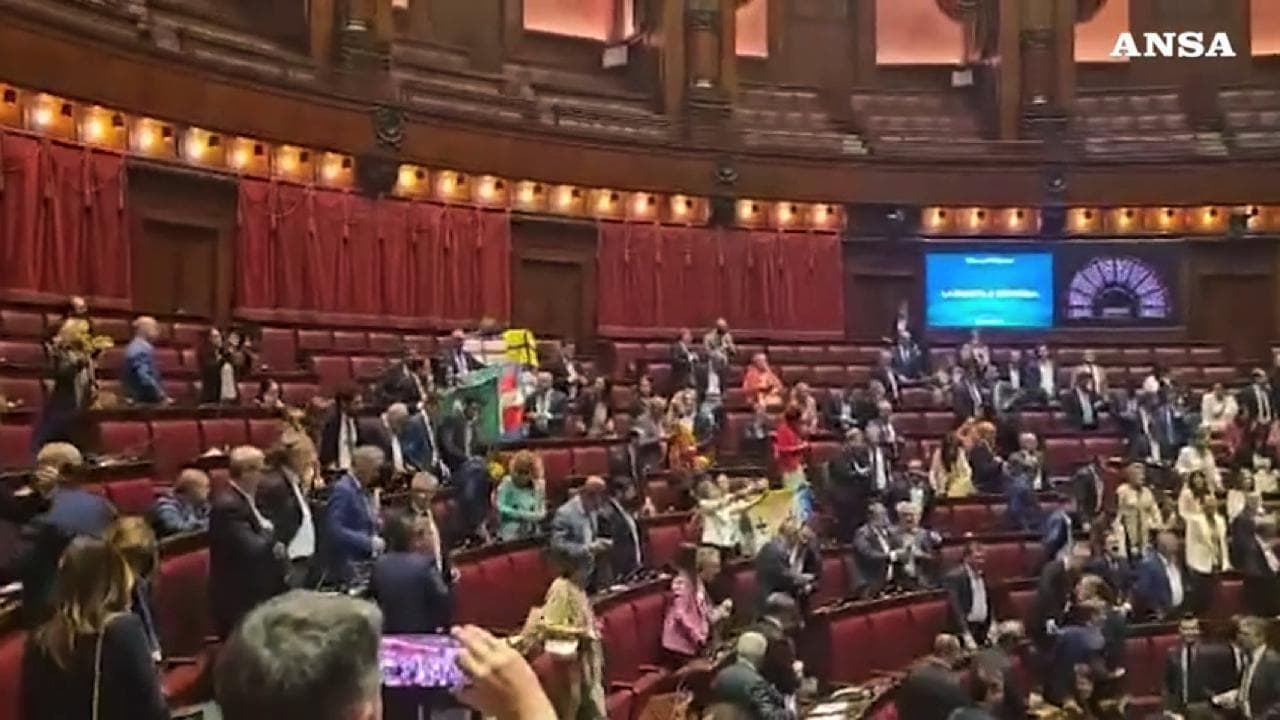 Autonomia differenziata, il M5s sventola il tricolore in Aula e canta l'inno di Mameli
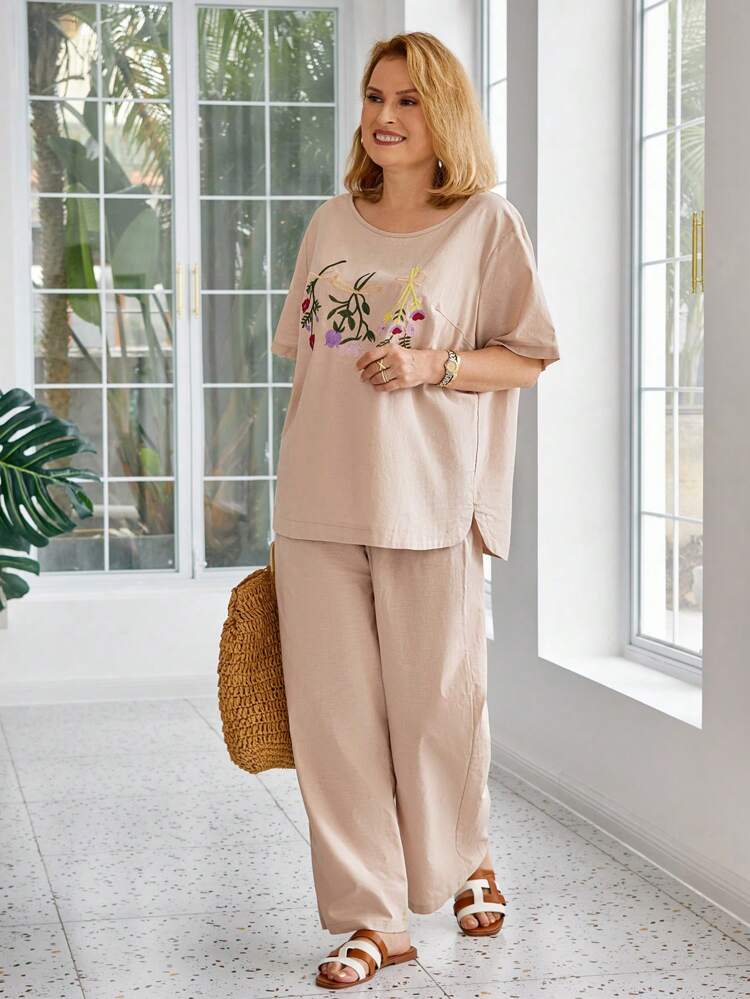 Plus Size Women's Fashion Printed Short Sleeve Top And Long Pants Two-Piece Set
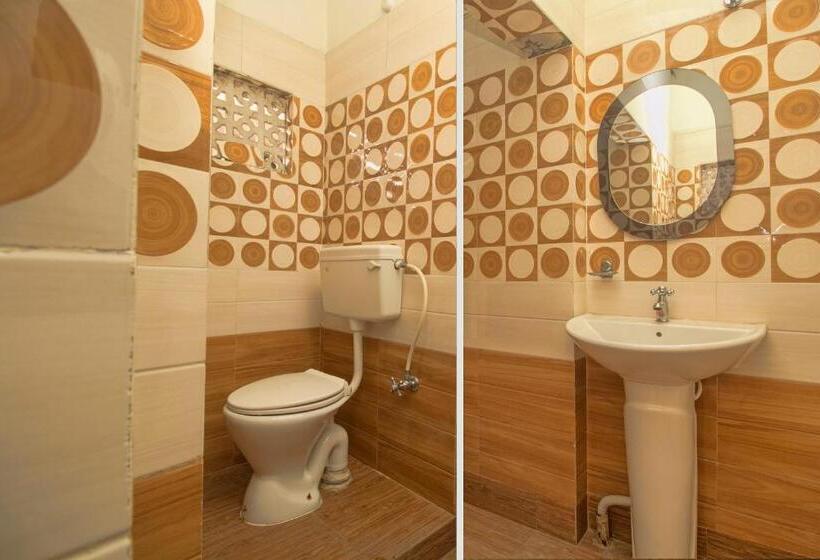 Отель O Nourpem Residency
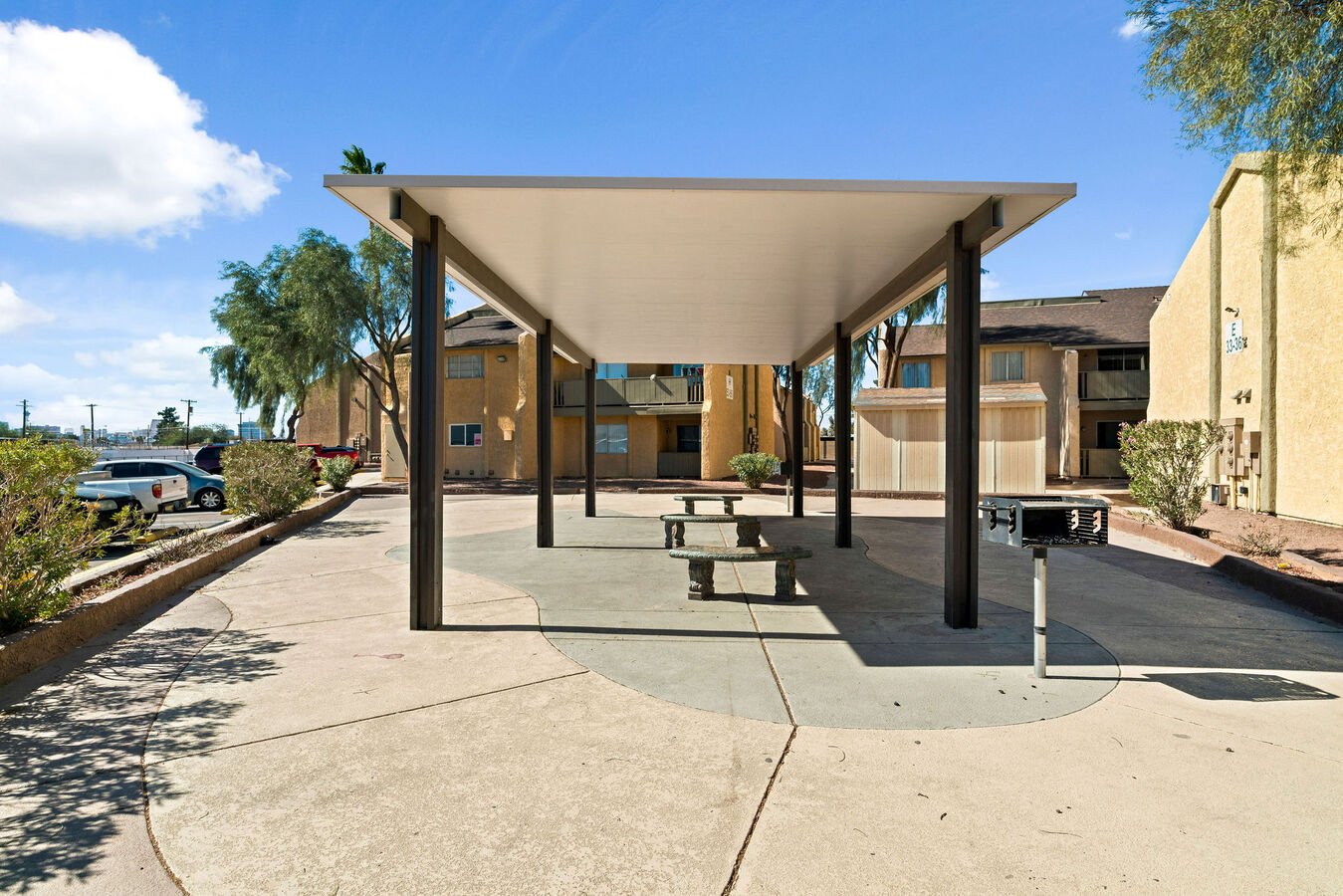 Thunderbird Apartments North Las Vegas, NV Rentable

- - - - - - -

Take the listing above and print it exactly, apart from the pictures.

 Autonomia differenziata, il M5s sventola il tricolore in Aula e canta l'inno di Mameli
 Plus Size Women's Fashion Printed Short Sleeve Top And Long Pants Two-Piece Set
 Отель O Nourpem Residency
 Thunderbird Apartments North Las Vegas, NV Rentable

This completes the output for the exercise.